• Extracted information:
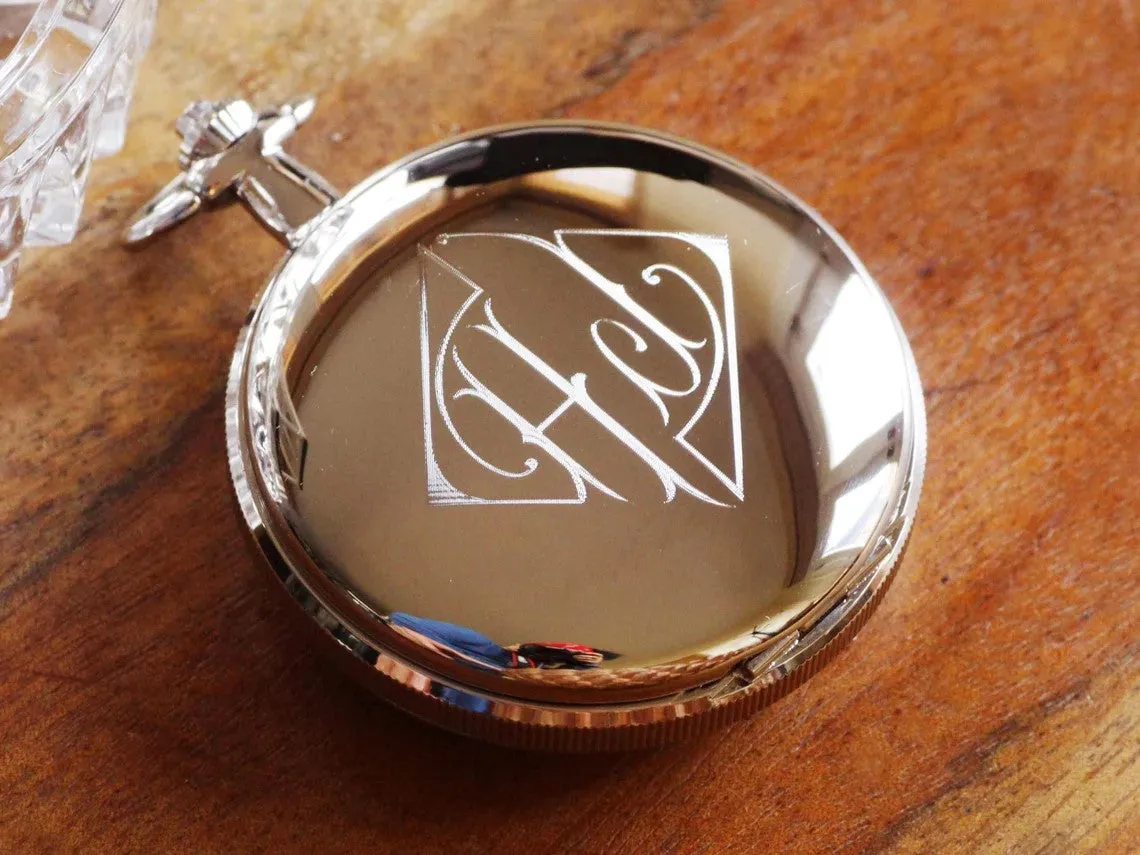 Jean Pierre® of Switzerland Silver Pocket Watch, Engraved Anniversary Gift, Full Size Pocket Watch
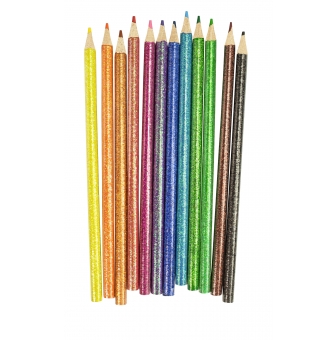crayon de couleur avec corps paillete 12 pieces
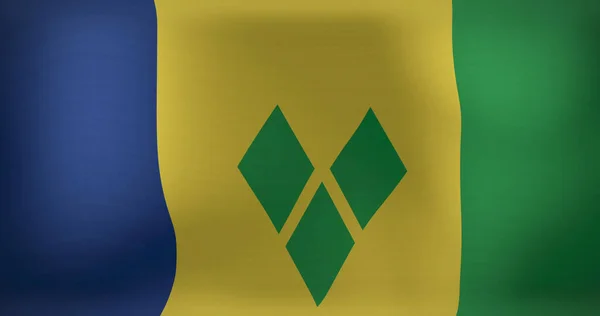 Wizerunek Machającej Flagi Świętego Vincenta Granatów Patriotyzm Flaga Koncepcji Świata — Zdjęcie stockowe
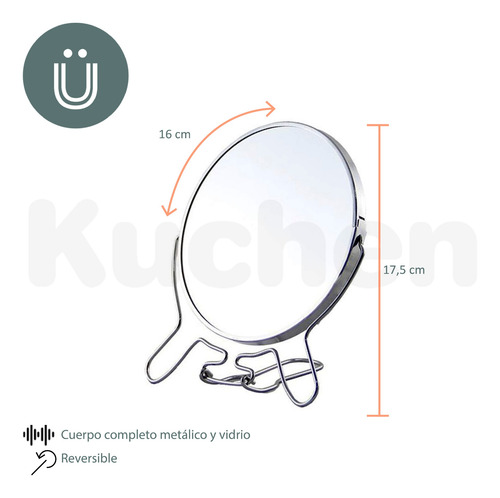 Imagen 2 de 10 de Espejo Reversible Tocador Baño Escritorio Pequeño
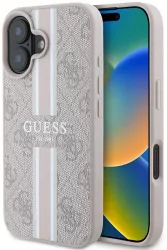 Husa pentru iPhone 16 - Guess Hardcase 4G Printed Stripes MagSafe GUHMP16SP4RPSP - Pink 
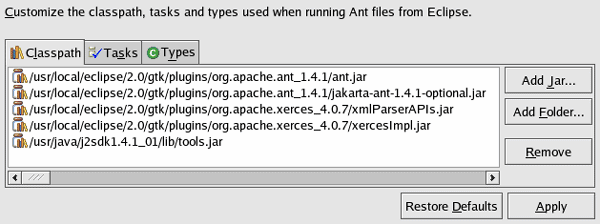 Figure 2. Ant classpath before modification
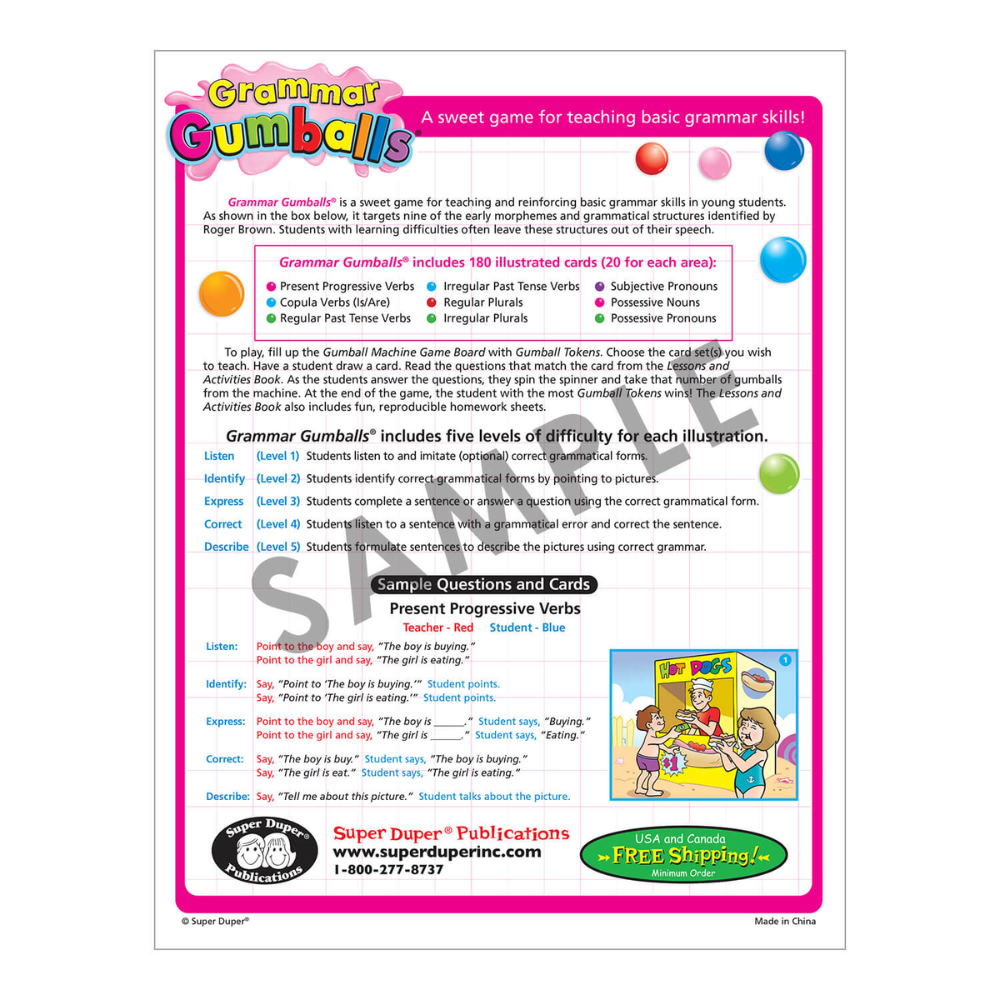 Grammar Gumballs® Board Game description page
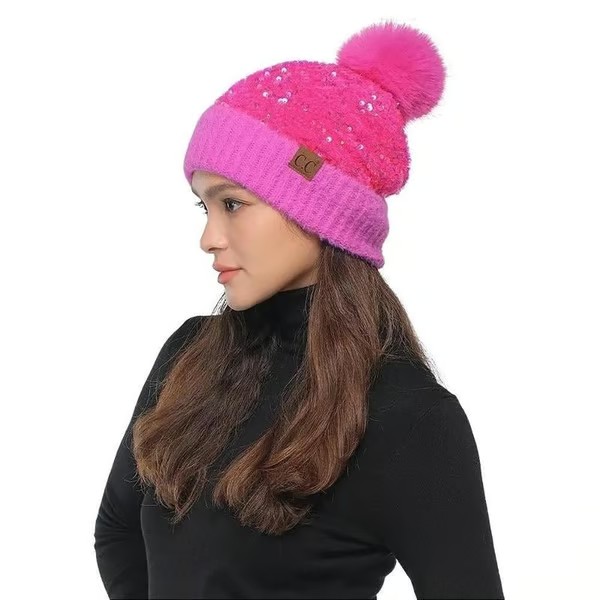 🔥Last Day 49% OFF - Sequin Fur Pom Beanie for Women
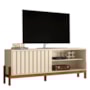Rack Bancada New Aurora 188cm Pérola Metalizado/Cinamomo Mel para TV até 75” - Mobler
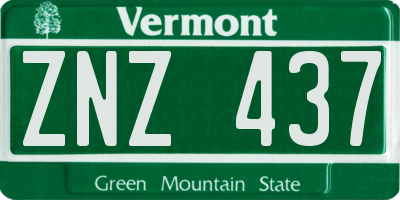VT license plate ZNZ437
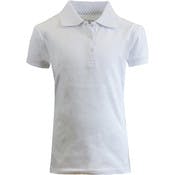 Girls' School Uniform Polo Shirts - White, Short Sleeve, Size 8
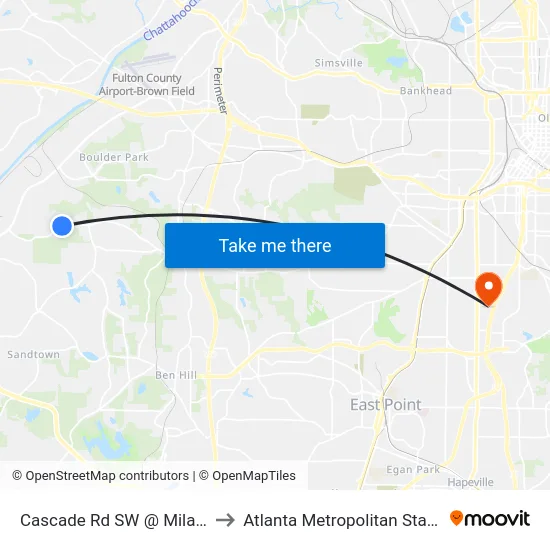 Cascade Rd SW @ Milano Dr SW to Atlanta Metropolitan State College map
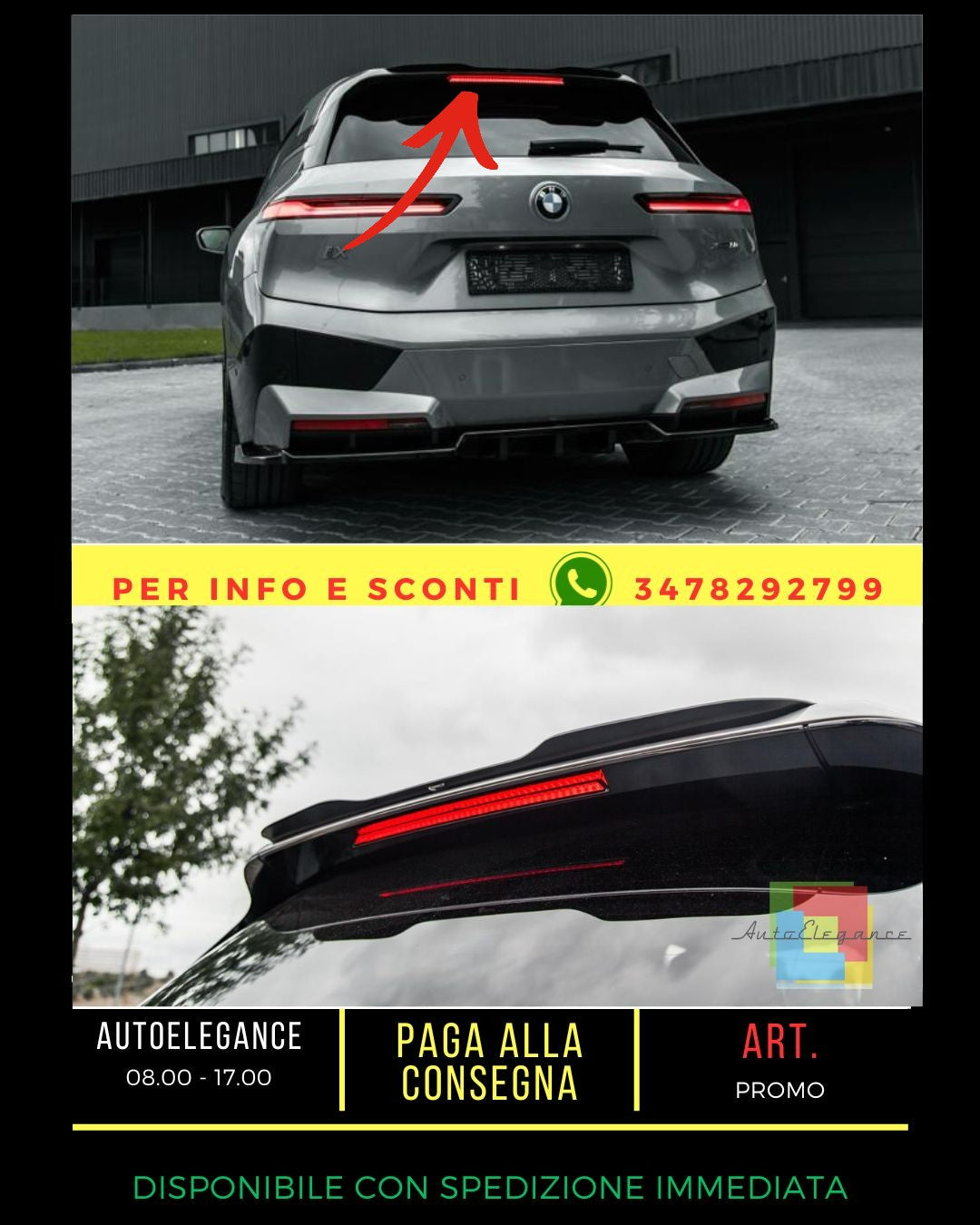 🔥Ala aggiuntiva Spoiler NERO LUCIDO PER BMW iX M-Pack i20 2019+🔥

• Task details:
Please retype, exactly and with the pictures left out, the lines from the line containing "Rack Bancada New" through the last line of the records above.

• Exercise result:
Rack Bancada New Aurora 188cm Pérola Metalizado/Cinamomo Mel para TV até 75” - Mobler
VT license plate ZNZ437
 Girls' School Uniform Polo Shirts - White, Short Sleeve, Size 8
 Cascade Rd SW @ Milano Dr SW to Atlanta Metropolitan State College map
 🔥Ala aggiuntiva Spoiler NERO LUCIDO PER BMW iX M-Pack i20 2019+🔥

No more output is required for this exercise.